Tribune Juive

Pierre Saba. La Haine et les mots

Edmund Kean dans le rôle de Barabas, 1818

« Nous ne devons plus utiliser des termes qui risquent de blesser »: C’est en ces mots que l’arrière-petit fils d’Agatha Christie a décidé de modifier le titre et les contenus racistes du roman de l’écrivaine.

Ainsi disparaissent le titre du roman « Les dix petits Nègres » d’Agatha Christie au profit de « Ils étaient dix »  et les 74 mentions de « nègre » qu’il contient.

Le titre et le mot « nègre » auraient tout aussi bien pu être maintenus en procédant par avertissements et explications d’éditeur.
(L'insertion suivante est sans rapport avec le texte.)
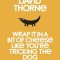 Wrap It in a Bit of Cheese Like You&#039;re Tricking the Dog: The Fifth Collection of Essays and Emails by New York Times Best Selling Author, David Thorne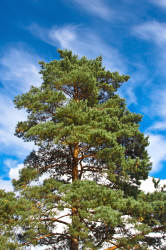 Фотограф Вениамин Чукалов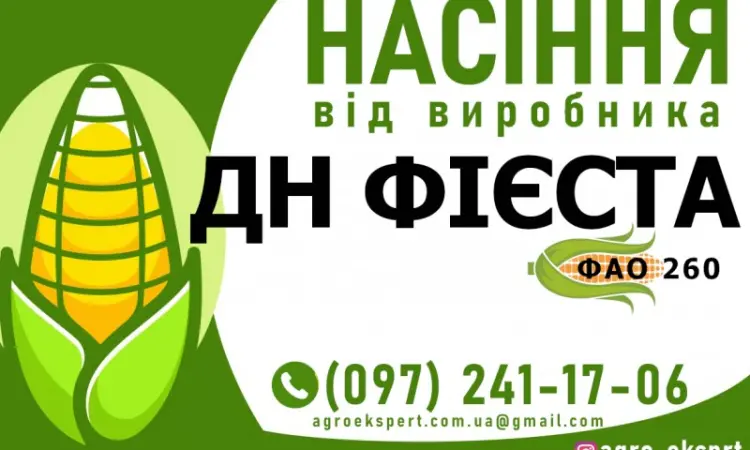 Гибрид кукурузы ДН Фиеста (ФАО 260) от производителя - фото № 1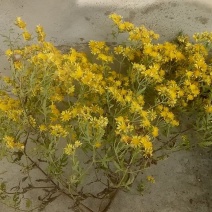 野菊花散装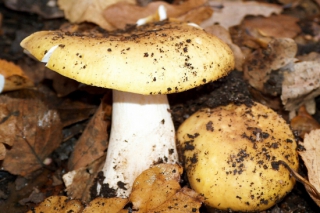 云南將出臺(tái)國內(nèi)首部野生菌保護(hù)法 ()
Certaines autres œuvres mondiales évoquent une haine raciste et antisémite bien plus agressive qui ne semblent susciter aucune opinion publique susceptible de rectifier, d’effacer ni d’avertir.

Les préventions anti-racistes relatives à la plume d’Agatha Christie ne semblent pas atteindre les ouvrages véhiculant descriptions, termes, récits antisémites.

Deux exemples particulièrement significatifs mais non exhaustifs: l’œuvre de Shakespeare et celle de Marlowe.

S’agissant de Shakespeare, il affuble les Juifs des poncifs antisémites les plus virulents qu’il résume en usurier sanguinaire, c’est à dire vénal et meurtrier (« Le Marchand de Venise », etc)

S’agissant de Marlowe, son ouvrage « Le Juif de Malte » dépeint le « Juif Barabas » dans les pires traits antisémites.

Les associations de lutte contre la haine raciste (LICRA, LDH, etc) pourraient s’inspirer des pressions anti-racistes qui luttent avec succès contre les lexiques sexistes et racistes des œuvres littéraires actuels ou de temps révolus.

Il serait anormal que seul l’antisémitisme soit exonéré ou s’exonère de la censure anti-raciste.

Il en est notamment du ressort comme du devoir des mouvements anti-racistes, particulièrement ceux cités plus haut.